Bisher hab ich mit folgendem gerechnet (Preise in Klammern von Alternate):

AMD FX-6300 (97€)
Samsung 840 EVO 120GB (73€)
G.Skill 8GB 1600 MHz (64€)
ASRock 985GM-GS3 FX (52€)
Sharkoon MA-W1000 (40€)

Macht 326€ gerundet. 

Jetzt die Fragen: 
- Sind die Komponenten ihr Geld so wert oder gibt es bessere Alternativen? 
- Ich möchte es gerne recht leise haben, wie sieht es da aus? Braucht man ein teures, gedämmtes Gehäuse? 
- Lohnt sich das Upgrade mehr, als wenn ich einfach nur ne SSD einbaue für 70€ (bzw 80 mit Kit im Laptop)?
- Würde die Performance erheblich größer als die vom Laptop sein?
- Gibt es ne günstige GPU, die meine 8800GT wegfegt und empfehlbar ist? 

Danke schonmal im Vorraus!


----------



## Herbboy (22. März 2014)

Eine zB AMD R7 260X für ca 100€ wäre schon um Welten stärker als deine uralte GT8800 - für Games würde ich eher die Grafikkarte wechseln als eine SSD zu nehmen, da sie SSD lediglich die Ladezeiten verkürzt und Dein Windows daher "gefühlt" viel schneller ist, obwohl der PC nicht schneller als vorher ist.

 Falls Du aber sowieso die Grafikkarte wechseln wolltest und nur wissen willst, welche gut ist: was wäre denn das Budget für die Karte?
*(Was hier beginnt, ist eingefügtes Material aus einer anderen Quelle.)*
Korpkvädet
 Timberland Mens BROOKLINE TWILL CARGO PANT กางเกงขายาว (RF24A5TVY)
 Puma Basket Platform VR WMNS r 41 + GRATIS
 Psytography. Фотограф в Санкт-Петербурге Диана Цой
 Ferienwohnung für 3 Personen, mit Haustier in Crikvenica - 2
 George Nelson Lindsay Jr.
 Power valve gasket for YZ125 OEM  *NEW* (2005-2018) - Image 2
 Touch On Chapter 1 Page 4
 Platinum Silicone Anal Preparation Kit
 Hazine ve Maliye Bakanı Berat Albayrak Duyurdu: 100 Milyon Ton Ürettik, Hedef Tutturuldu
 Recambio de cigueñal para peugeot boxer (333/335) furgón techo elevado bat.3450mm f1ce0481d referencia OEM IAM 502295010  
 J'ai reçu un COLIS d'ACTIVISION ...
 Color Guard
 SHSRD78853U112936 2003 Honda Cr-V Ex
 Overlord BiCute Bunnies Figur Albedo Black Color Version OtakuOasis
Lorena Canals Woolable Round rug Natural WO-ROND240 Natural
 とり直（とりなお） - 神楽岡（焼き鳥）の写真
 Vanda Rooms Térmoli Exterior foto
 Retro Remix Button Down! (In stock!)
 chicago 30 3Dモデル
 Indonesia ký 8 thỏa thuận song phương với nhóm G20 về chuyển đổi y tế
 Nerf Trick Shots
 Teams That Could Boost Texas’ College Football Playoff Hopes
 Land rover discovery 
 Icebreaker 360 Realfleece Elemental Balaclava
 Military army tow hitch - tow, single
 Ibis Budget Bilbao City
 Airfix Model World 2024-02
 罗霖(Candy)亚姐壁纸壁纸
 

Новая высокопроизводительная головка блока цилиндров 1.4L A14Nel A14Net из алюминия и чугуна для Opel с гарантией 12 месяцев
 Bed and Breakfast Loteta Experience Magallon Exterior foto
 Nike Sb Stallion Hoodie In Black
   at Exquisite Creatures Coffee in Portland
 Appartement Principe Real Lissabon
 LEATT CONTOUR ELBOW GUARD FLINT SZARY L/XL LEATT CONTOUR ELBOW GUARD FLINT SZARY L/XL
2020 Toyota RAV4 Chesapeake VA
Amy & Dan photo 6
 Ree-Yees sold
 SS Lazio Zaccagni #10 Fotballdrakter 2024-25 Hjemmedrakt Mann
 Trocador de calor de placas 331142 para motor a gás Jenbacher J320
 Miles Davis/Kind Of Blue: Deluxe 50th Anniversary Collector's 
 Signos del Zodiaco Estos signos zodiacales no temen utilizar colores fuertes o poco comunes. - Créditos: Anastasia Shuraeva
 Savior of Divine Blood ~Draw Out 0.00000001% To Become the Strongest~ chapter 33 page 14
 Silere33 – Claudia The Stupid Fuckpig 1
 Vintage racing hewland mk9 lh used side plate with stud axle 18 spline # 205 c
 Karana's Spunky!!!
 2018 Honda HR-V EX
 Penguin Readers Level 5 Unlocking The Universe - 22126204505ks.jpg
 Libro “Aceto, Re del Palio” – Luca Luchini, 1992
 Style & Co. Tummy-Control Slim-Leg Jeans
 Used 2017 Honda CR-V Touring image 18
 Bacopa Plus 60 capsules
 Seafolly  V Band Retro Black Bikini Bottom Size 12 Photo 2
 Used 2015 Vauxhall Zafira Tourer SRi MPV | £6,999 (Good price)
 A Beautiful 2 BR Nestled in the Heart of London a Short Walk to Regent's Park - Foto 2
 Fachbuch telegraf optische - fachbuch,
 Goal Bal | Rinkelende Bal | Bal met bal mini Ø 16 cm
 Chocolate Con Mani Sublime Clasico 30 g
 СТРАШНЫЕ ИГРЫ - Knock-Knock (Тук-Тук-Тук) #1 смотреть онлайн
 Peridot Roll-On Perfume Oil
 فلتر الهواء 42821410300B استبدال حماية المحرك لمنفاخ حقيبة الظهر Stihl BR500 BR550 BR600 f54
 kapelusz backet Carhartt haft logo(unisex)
 Bei der CPU setz lieber auf Intel Sockel 1150 - da bekommst Du für den Preis nen Core i3, der schneller als der FX-6300 ist, zudem kannst Du dabei auch später noch eine wirklich starke CPU nachrüsten


----------



## Gudeek (22. März 2014)

Wie gesagt, um die Spiele ging es nicht hauptsächlich, eher um den Alltag. Nur wenn man unter 100€ ne weitaus bessere GPU bekommt wäre es ne Überlegung wert. 
Welche Intel CPU passt da denn deiner Meinung nach? Ist der AM3+ Sockel nicht zukunftssicher? Ich hab ja sonst schon einige Fragen oben im ersten Post stehen.


----------



## Shorty484 (22. März 2014)

Gudeek schrieb:


> Wie gesagt, um die Spiele ging es nicht hauptsächlich, eher um den Alltag. Nur wenn man unter 100€ ne weitaus bessere GPU bekommt wäre es ne Überlegung wert.
> Welche Intel CPU passt da denn deiner Meinung nach? Ist der AM3+ Sockel nicht zukunftssicher? Ich hab ja sonst schon einige Fragen oben im ersten Post stehen.



Nein, AMD hinkt Intel bei den CPU's zur Zeit weit hinterher. Und für den AM3+ Sockel wirds keine Zukünftige Unterstützung geben. Wie Herbboy schon sagte, einen i3 oder i5 für Sockel 1150.

Das Tauschen der Grafikkarte lohnt sich auch wenn Du nicht so der Hardcorezocker bist, die 8800GT würde das neue System ansonsten ganz schön limitieren.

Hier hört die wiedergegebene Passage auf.